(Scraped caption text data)
§ §

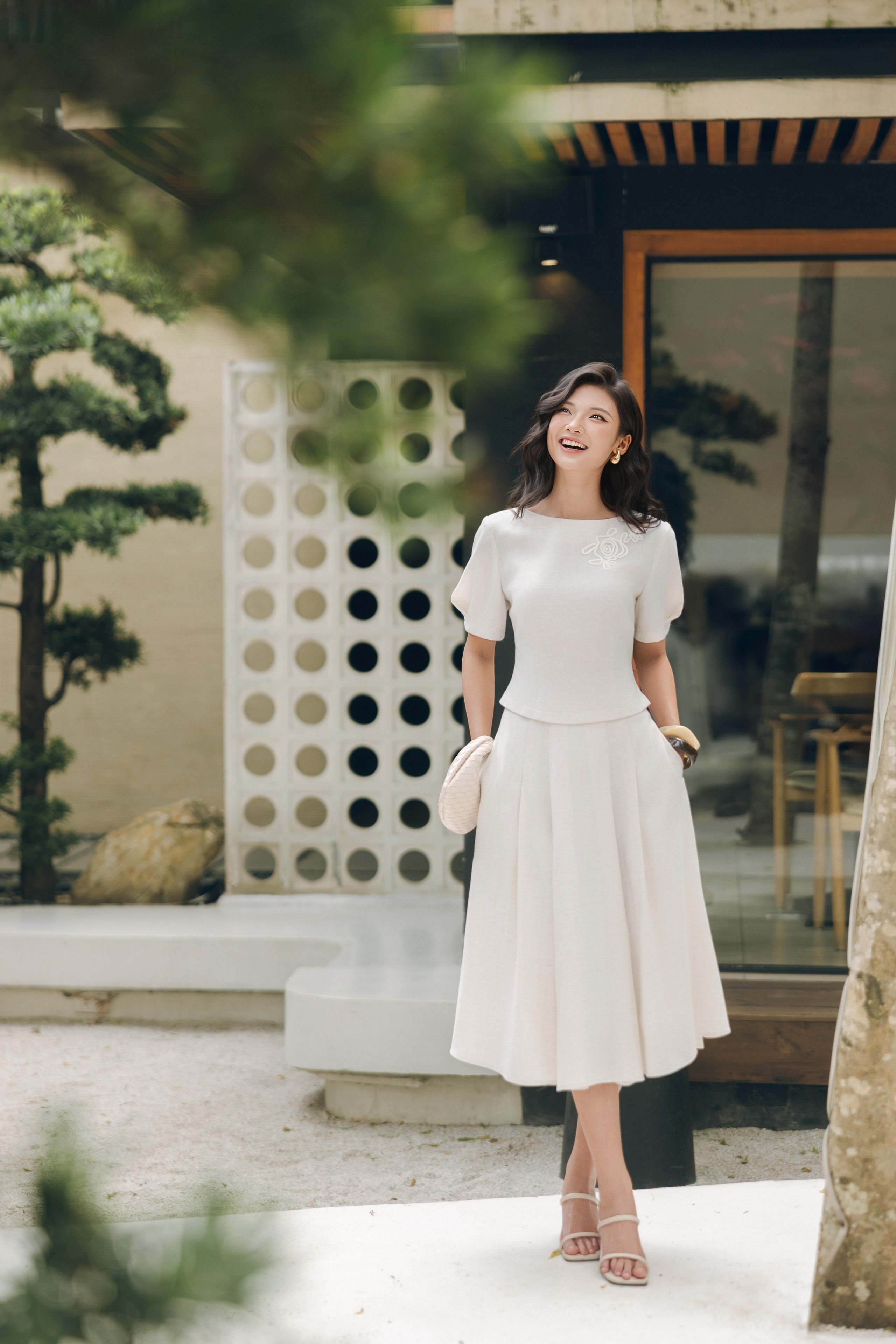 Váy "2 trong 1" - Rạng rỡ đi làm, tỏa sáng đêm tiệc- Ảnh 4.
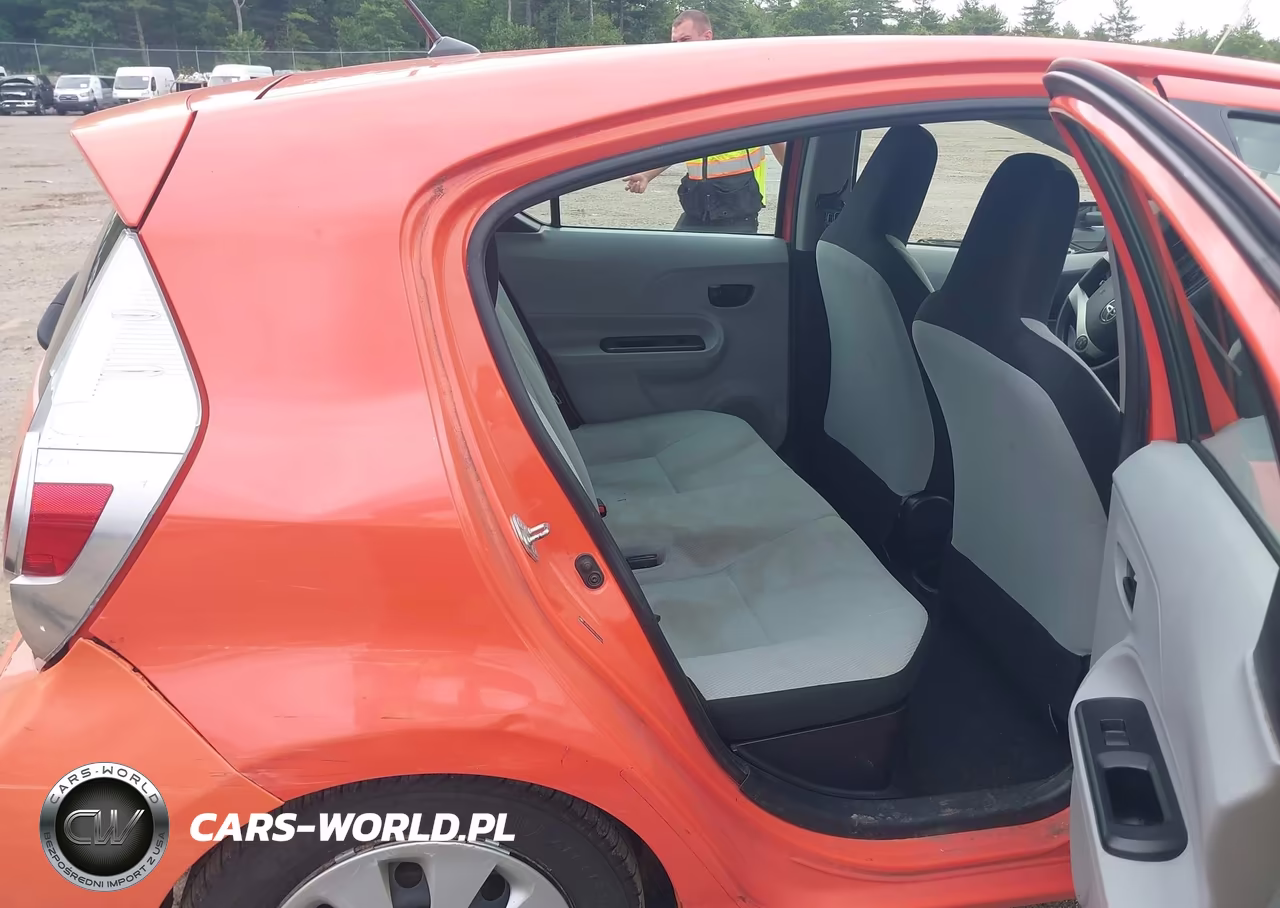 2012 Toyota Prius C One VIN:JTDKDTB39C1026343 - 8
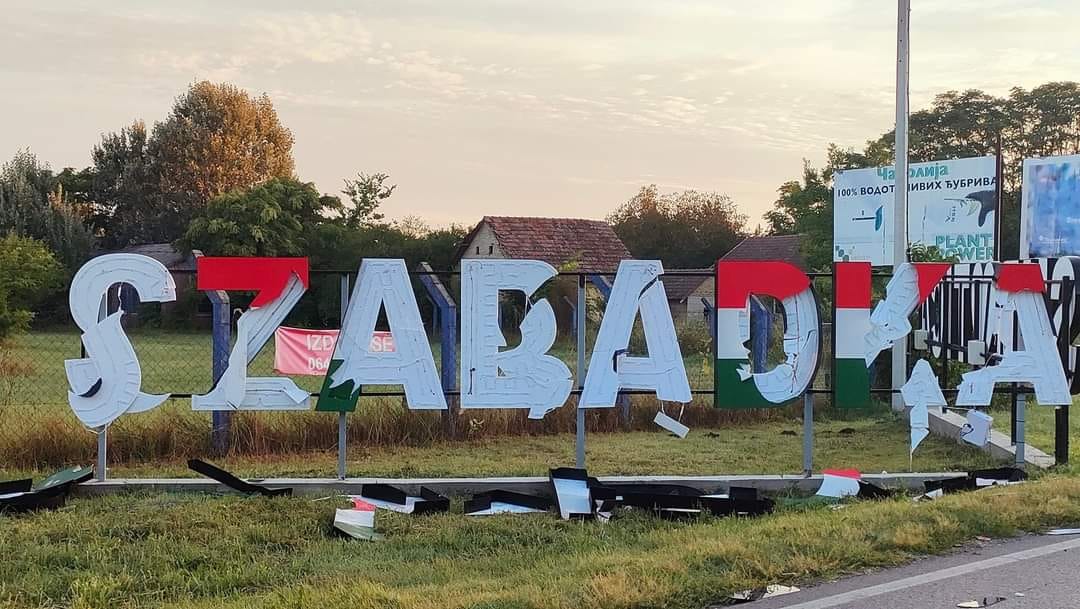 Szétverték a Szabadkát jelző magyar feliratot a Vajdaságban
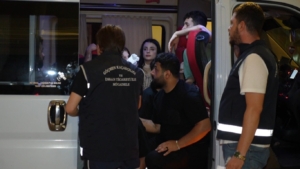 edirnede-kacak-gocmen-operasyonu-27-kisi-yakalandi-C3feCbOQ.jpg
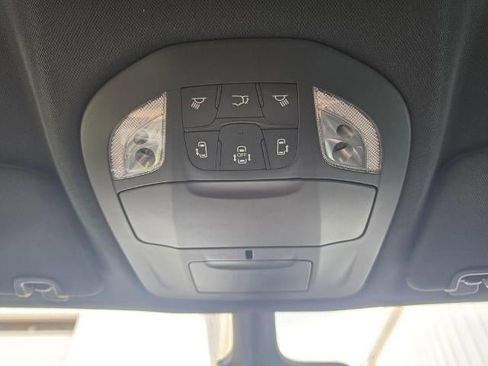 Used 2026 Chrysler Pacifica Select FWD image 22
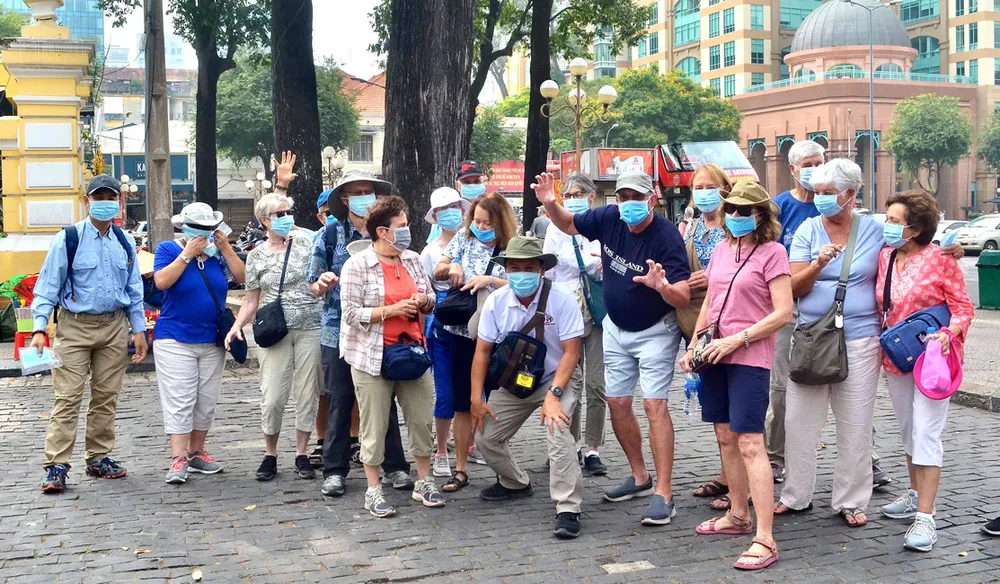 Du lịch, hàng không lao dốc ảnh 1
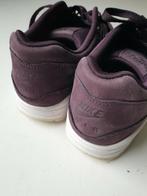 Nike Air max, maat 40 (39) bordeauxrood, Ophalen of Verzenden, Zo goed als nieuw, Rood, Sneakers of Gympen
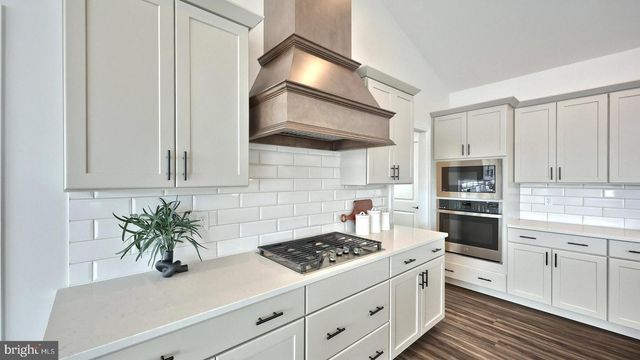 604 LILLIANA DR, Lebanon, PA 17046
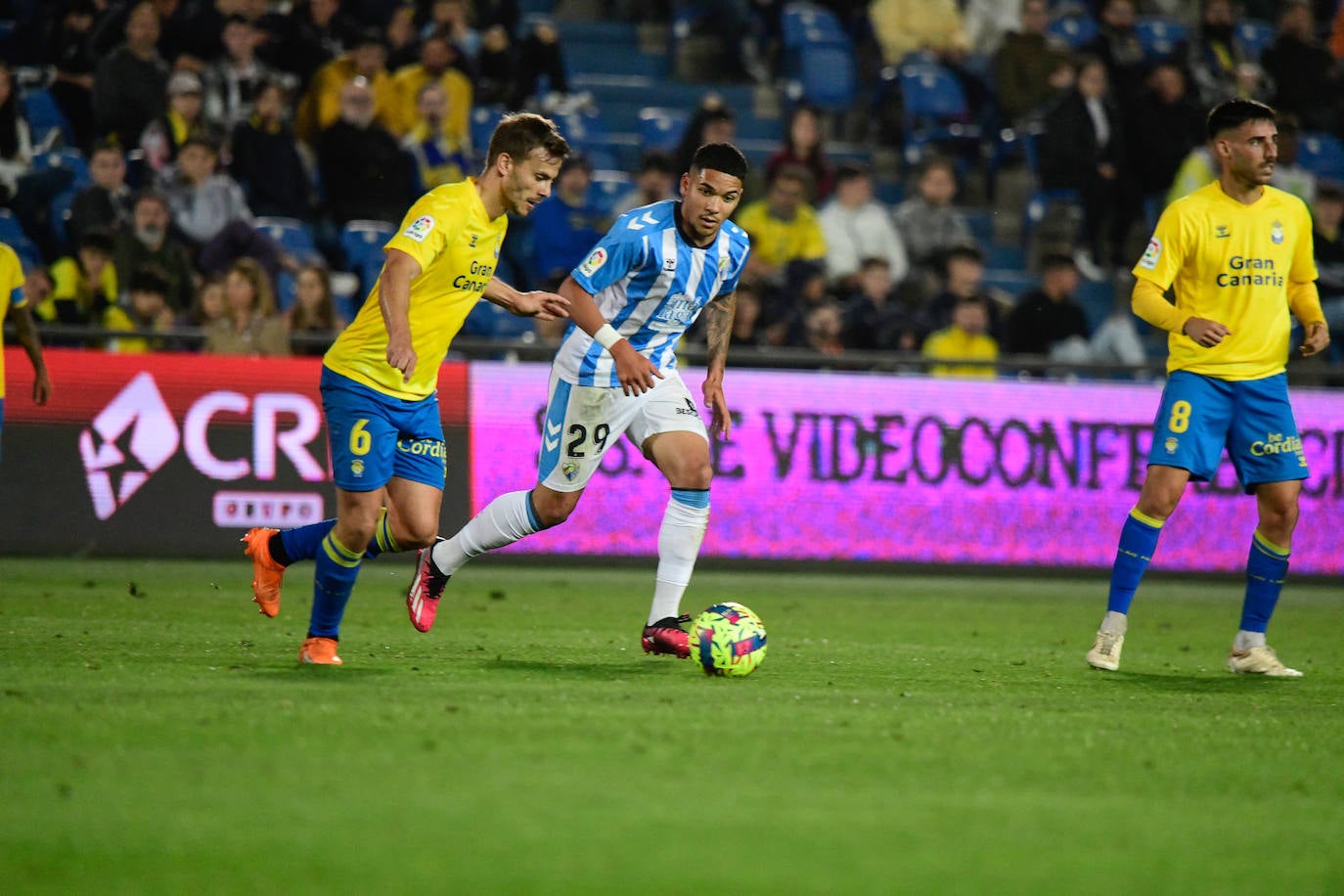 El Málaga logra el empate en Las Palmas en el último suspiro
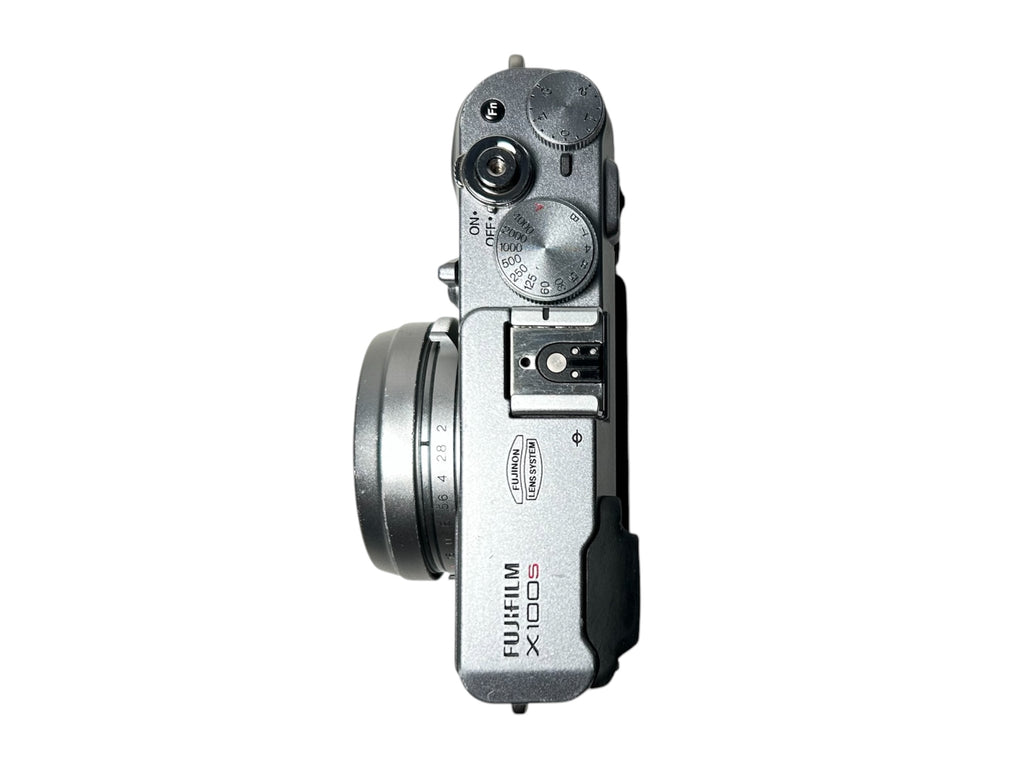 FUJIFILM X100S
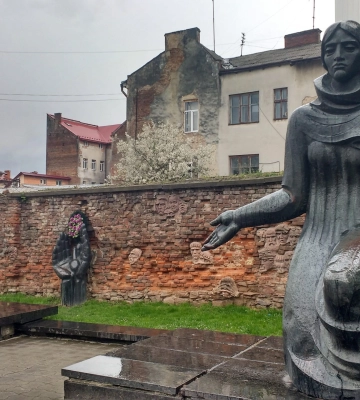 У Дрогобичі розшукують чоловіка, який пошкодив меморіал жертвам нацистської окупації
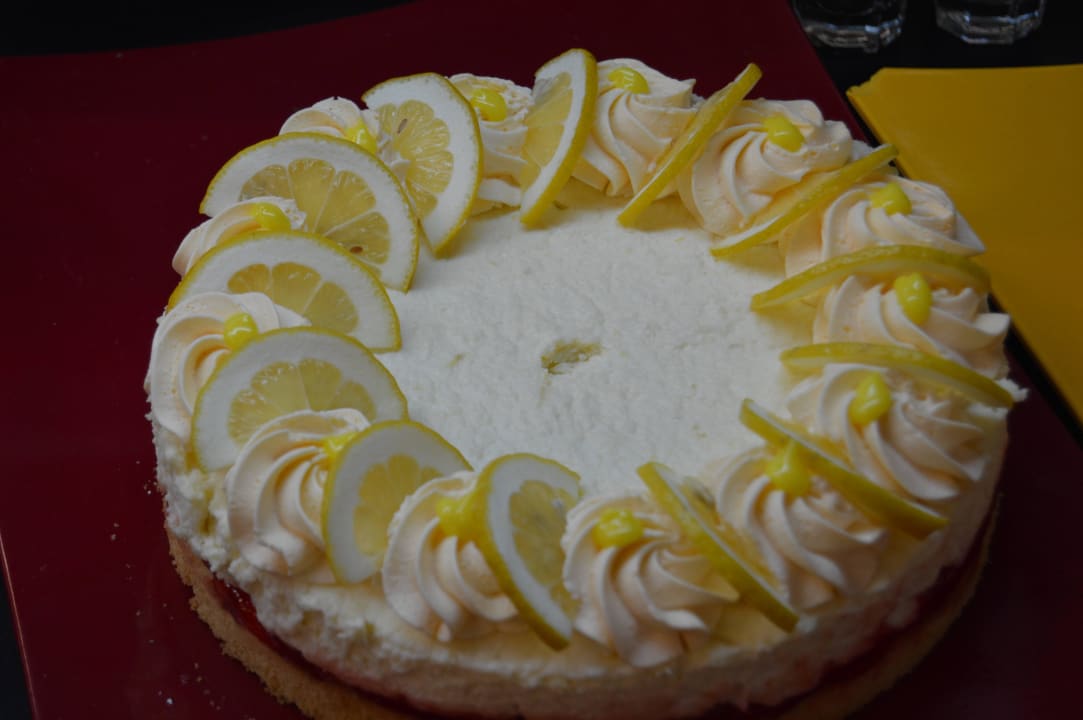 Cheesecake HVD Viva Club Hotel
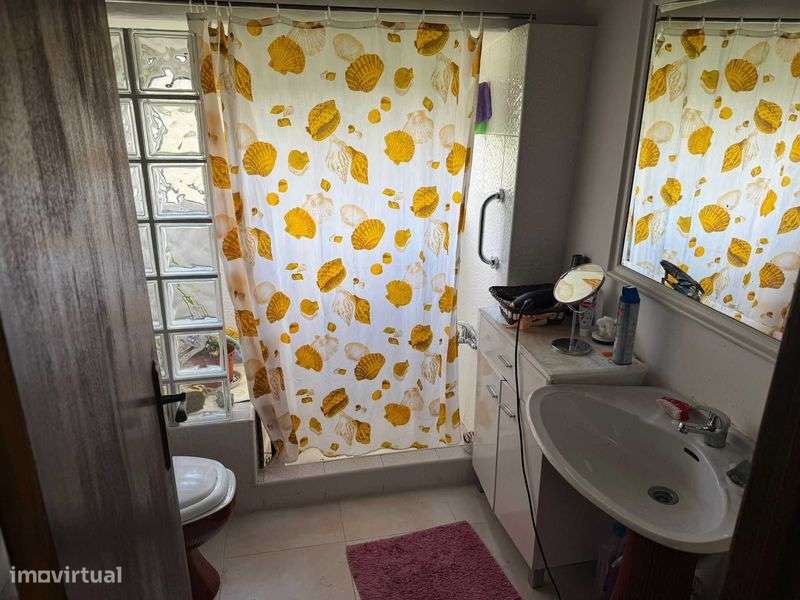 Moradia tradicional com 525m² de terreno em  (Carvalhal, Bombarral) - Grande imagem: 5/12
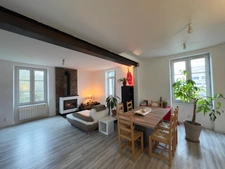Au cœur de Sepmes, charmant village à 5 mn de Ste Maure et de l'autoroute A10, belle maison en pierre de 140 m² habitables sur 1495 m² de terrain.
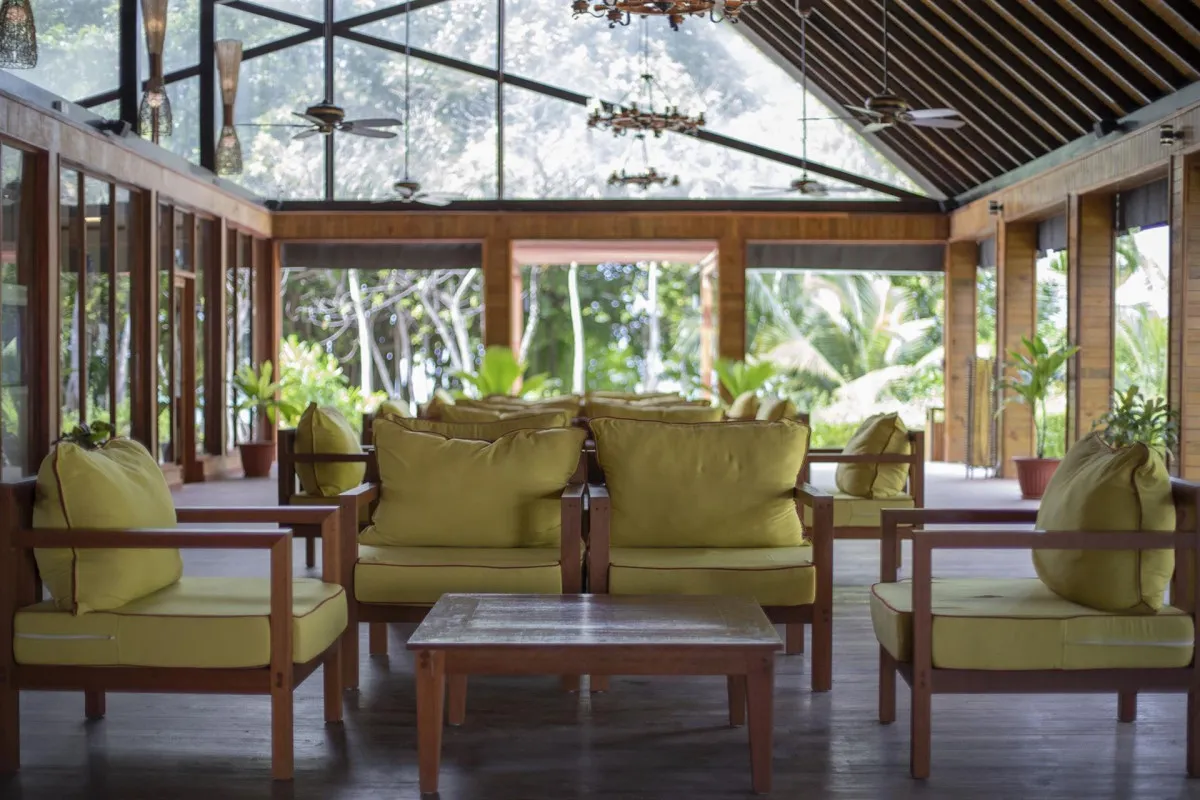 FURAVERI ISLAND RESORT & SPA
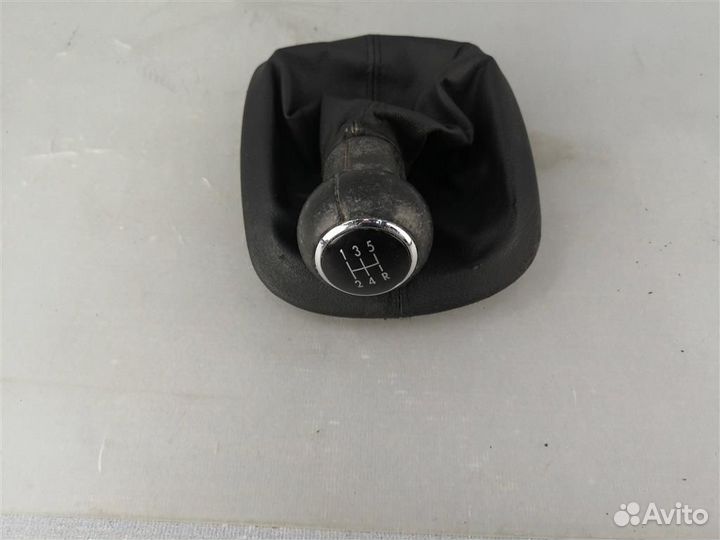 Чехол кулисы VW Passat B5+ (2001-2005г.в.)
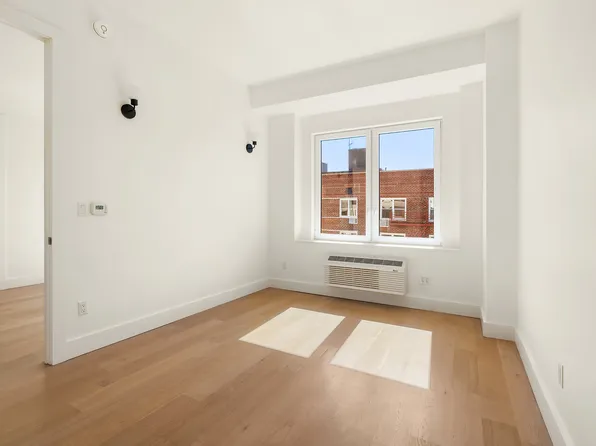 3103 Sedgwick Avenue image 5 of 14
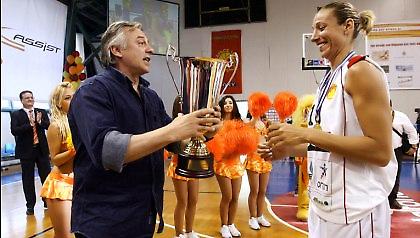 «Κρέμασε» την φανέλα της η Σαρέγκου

§ §

Leave out the pictures and return every record word for word.

SOLUTION BELOW |
 Váy "2 trong 1" - Rạng rỡ đi làm, tỏa sáng đêm tiệc- Ảnh 4.
 2012 Toyota Prius C One VIN:JTDKDTB39C1026343 - 8
 Szétverték a Szabadkát jelző magyar feliratot a Vajdaságban
 edirnede-kacak-gocmen-operasyonu-27-kisi-yakalandi-C3feCbOQ.jpg
 Used 2026 Chrysler Pacifica Select FWD image 22
 Du lịch, hàng không lao dốc ảnh 1
 Nike Air max, maat 40 (39) bordeauxrood, Ophalen of Verzenden, Zo goed als nieuw, Rood, Sneakers of Gympen
 604 LILLIANA DR, Lebanon, PA 17046
 El Málaga logra el empate en Las Palmas en el último suspiro
 FUJIFILM X100S
 У Дрогобичі розшукують чоловіка, який пошкодив меморіал жертвам нацистської окупації
 Cheesecake HVD Viva Club Hotel
 Moradia tradicional com 525m² de terreno em  (Carvalhal, Bombarral) - Grande imagem: 5/12
Au cœur de Sepmes, charmant village à 5 mn de Ste Maure et de l'autoroute A10, belle maison en pierre de 140 m² habitables sur 1495 m² de terrain.
 FURAVERI ISLAND RESORT & SPA
 Чехол кулисы VW Passat B5+ (2001-2005г.в.)
 3103 Sedgwick Avenue image 5 of 14
 «Κρέμασε» την φανέλα της η Σαρέγκου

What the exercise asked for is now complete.